We begin today in Brazil, where President Dilma Rousseff of the Workers Party secured first place in her country’s presidential election, but now faces a runoff with Aécio Neves, the center-right candidate in the race. Marina Silva of the Socialist party, came in third place after taking the place of Eduardo Campos at the top of the ticket. Campos died in an August plane crash roiling the election and upending its conventional wisdom. So far Rousseff, who emphasized income redistribution in her campaign, is the favorite to win the general, but momentum may be on Neves’ side, who was third at one point. Silva remains a wildcard too.

After clashes at the end of last week, a stalemate may be settling in between the government of Hong Kong and pro-Democracy activists. Others see the protests dwindling.

Israeli is fuming over Sweden’s decision to begin recognition talks with the Palestinian Authority, outside the traditional conduit for peace talks. However, Sweden is anything, but clear about what its decision means in the short term, although Israel fears other European countries may follow.

Pope Francis calls synod, primarily it seems, to discuss allowing divorcees to receive communion.

Haiti’s brutal one-time leader dies.

Canada’s Parliament will vote this week on whether to launch airstrikes against ISIS in Iraq. A divide in the Liberal Party over the issue may have erupted on the issue, possibly coloring that party’s fortunes in next year’s elections, a conservative Canadian publication argues.

The Feds:

The US Supreme Court has rejected petitions from five states facing rulings against their bans on same-sex marriage, effectively bringing marriage equality to five more states: Indiana, Oklahoma, Utah, Virginia and Wisconsin. However, rulings from the 4th, 7th and 10th Circuits upholding decisions that quashed the bans, in effect, ripples those rulings out to all of the states in those circuits or create legal chaos. The Guardian has a live blog of states’ reaction to the rejection of the petition for review.

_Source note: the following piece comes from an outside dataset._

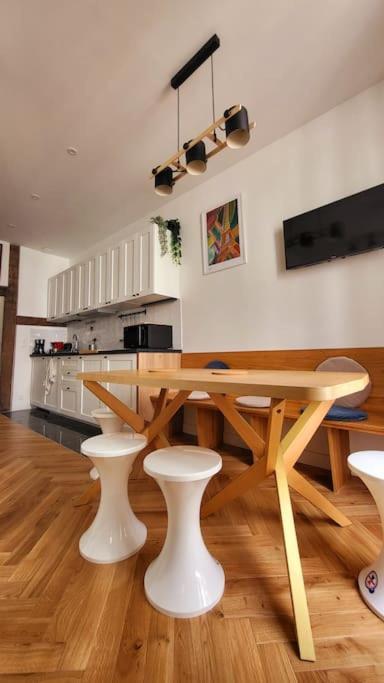 Fully Renovated Historic Apt In Heart Mouffetard Paris Extérieur photo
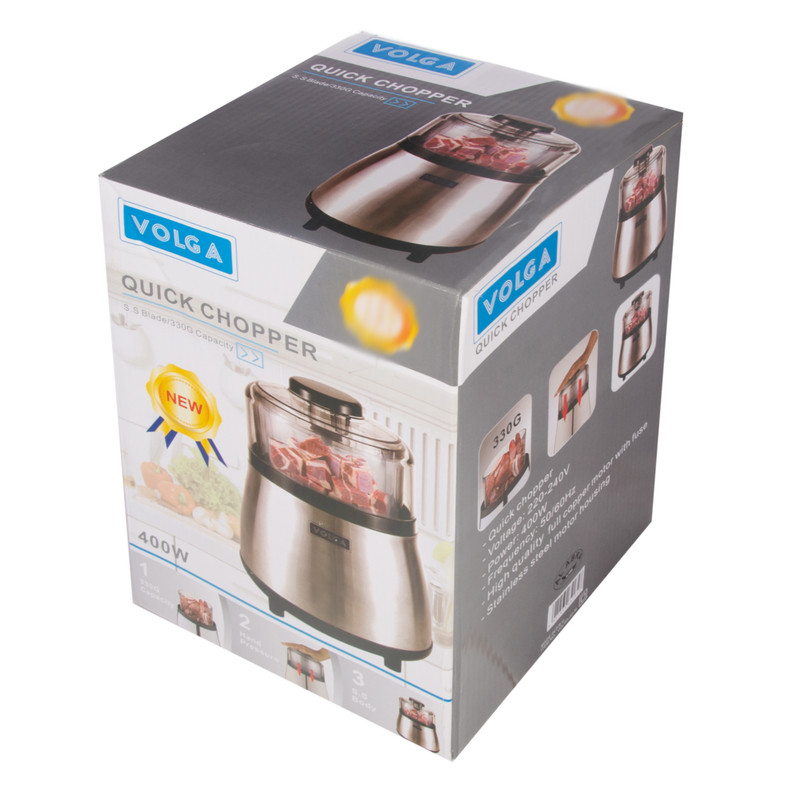 خردکن ولگا مدل 22-M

Greater Washington potpourri. The Post looks at the race for a swingy Northern Virginia Congressional seat and President Obama endorses Muriel Bowser in the DC Mayoral race. A Maryland legislator proposes a way around (part of) Citizens United that does not offend the constitution.

Really Wisconsin is just a mess.

Isn’t that cute? Republicans have a candidate against Rosa DeLauro in Connecticut’s arch-Democratic New Haven-based Congressional seat. Elsewhere in the Nutmeg State, Obama will be fundraising in Greenwich, while the gubernatorial candidates talked taxes at a West Hartford synagogue. And a new poll shows Democratic Governor Dan Malloy up by…8!?!?

In Colorado, Senator Mark Udall and Rep. Cory Gardner spar in a debate. Gardner goes uber aggressive, but tears the truth asunder (yes we know this is a partisan link, but it is also true) on personhood and the government shutdown.

The State of Things:

Holyoke Treasurer Jon Lumbra announced he would be leaving that position soon to take a job at Treasurer-Collector in Lowell. Masslive reported that he intends to do both jobs during a transition period. The City Council will be able to fill the post, an elected position, after he formally resigns. Lumbra posted his decision to take the job to Facebook on Friday.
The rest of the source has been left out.